Controversy: AI–Generated Art Is Stealing From Other Artists
This cannot be refuted. However, the argument remains — All art is stolen… or at least borrowed from other artists. This post explores “stealing” art, and the more important question, who created what?
The Photograph: A Vision of Creation
In the first image, the photograph, every element — the bear, the rushing water, the fish — represents the intricate artistry of the natural world. The scene exists independent of human presence, depicting the rhythms and cycles of the wild.
Many would argue that God created everything within this moment: the salmon driven upstream by ancient instinct, the bear’s strength and patience, even the sunlight that makes the scene visible.
The photographer’s role is one of attentive witness: waiting quietly, camera ready, until the scene unfolds, then pressing a button at the perfect instant. Thus, capturing a moment in time.
No part of the bear or river in the photo is man-made; it is a window into creation itself, framed by human hands.
The AI-Generated Image: Human-Curated Creativity
In contrast, the AI-generated image exists only through layers of mediation. To create it, countless photographs of bears, rivers, and salmon were first amassed and digitized.

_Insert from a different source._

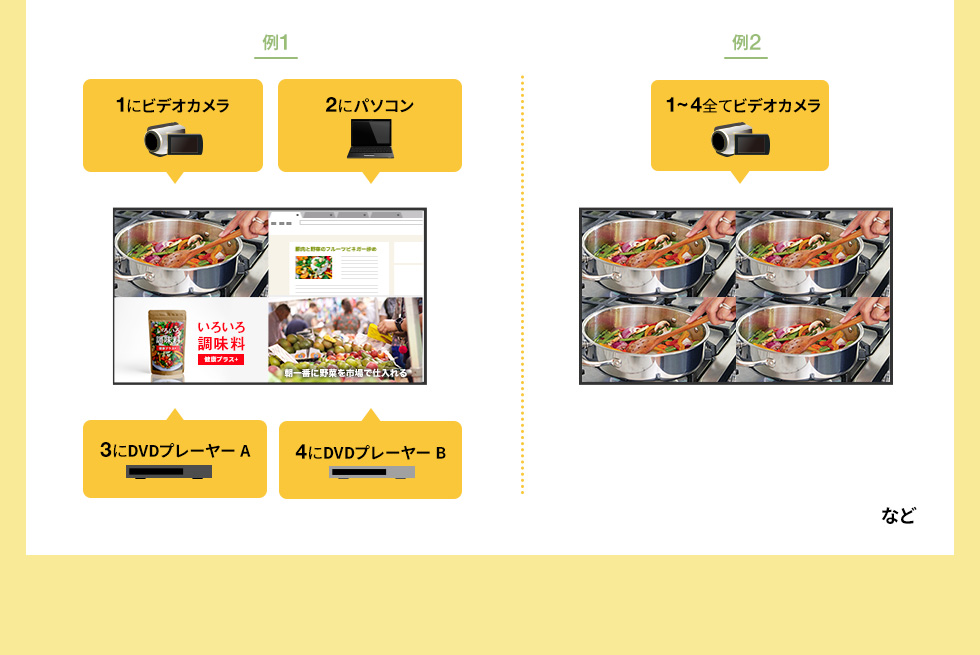例1　1にビデオカメラ　2にパソコン　3にDVDプレーヤー A　4にDVDプレーヤー B　例2　1～4全てビデオカメラ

A person imagined the desired scene — a bear fishing in a mountain stream — and described it precisely to a computer. With a keystroke, the Enter button, they set an algorithm in motion.

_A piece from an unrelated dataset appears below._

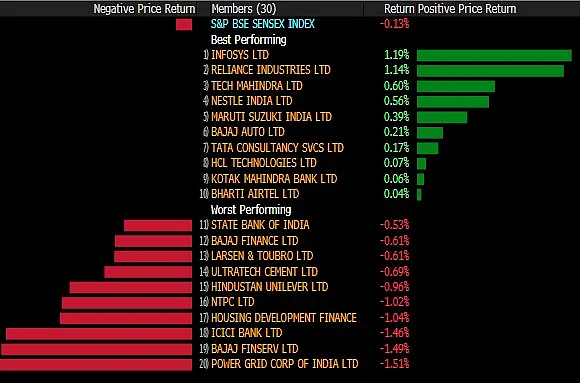 Sensex, Nifty Log Best Quarterly Stretch Since 2015 Despite Three-Day Loss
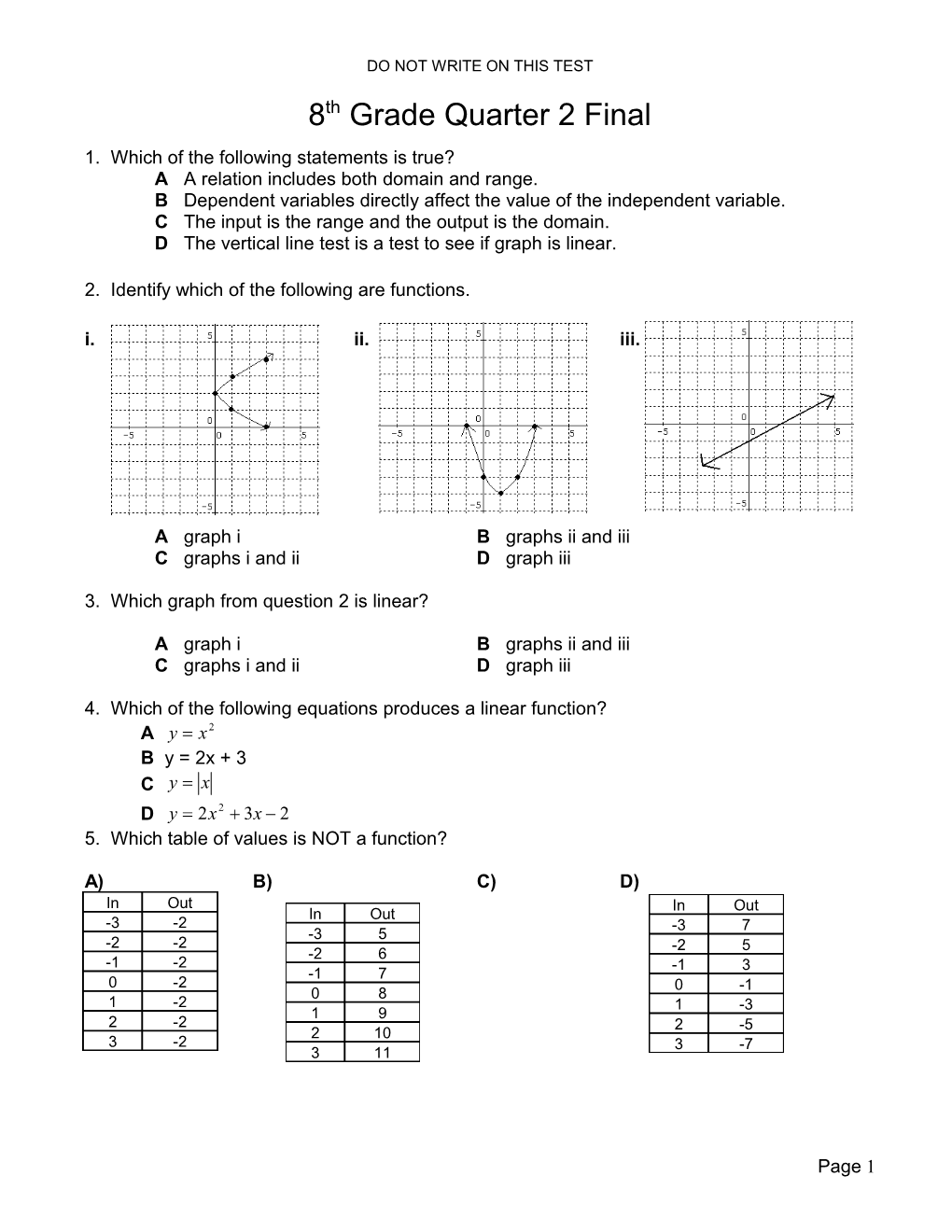 8Th Grade Functions Quiz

The result is not a moment observed in nature, but a composite: pixels arranged and blended by machine learning, based on thousands of prior images, to evoke a convincing simulation of reality.
Two Paths to One Scene
Both images captivate the viewer with the beauty and drama of nature. The photograph is a record of creation, the AI image a product of synthesis, built from echoes of reality.

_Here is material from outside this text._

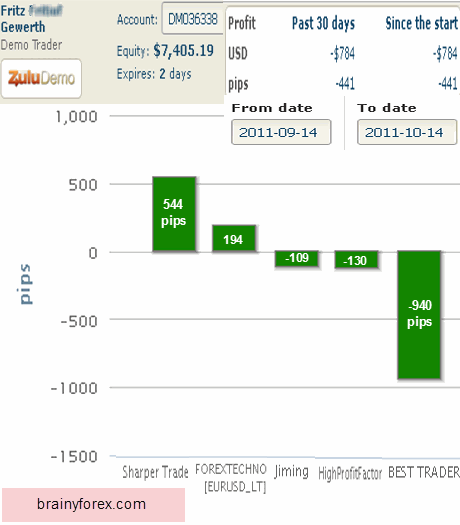 5 signal trader results tested at ZuluTrade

There is a popular saying, “Good artists borrow, great artists steal,” that is widely attributed to Pablo Picasso. However, its origins are debated, and it may have earlier roots in the works of writers like T.S. Eliot or Igor Stravinsky. The phrase is commonly used to describe how influential artists do not simply copy from others, but instead take inspiration and creatively transform existing works, making them uniquely their own.
Borrowing suggests using another’s idea with acknowledgment and minimal alteration. Stealing, in this context, means deeply internalizing, transforming, and making the idea an integral part of one’s own original work.
The phrase suggests that great artists are not mere imitators — they reinterpret and reinvent source material so profoundly that it becomes something new.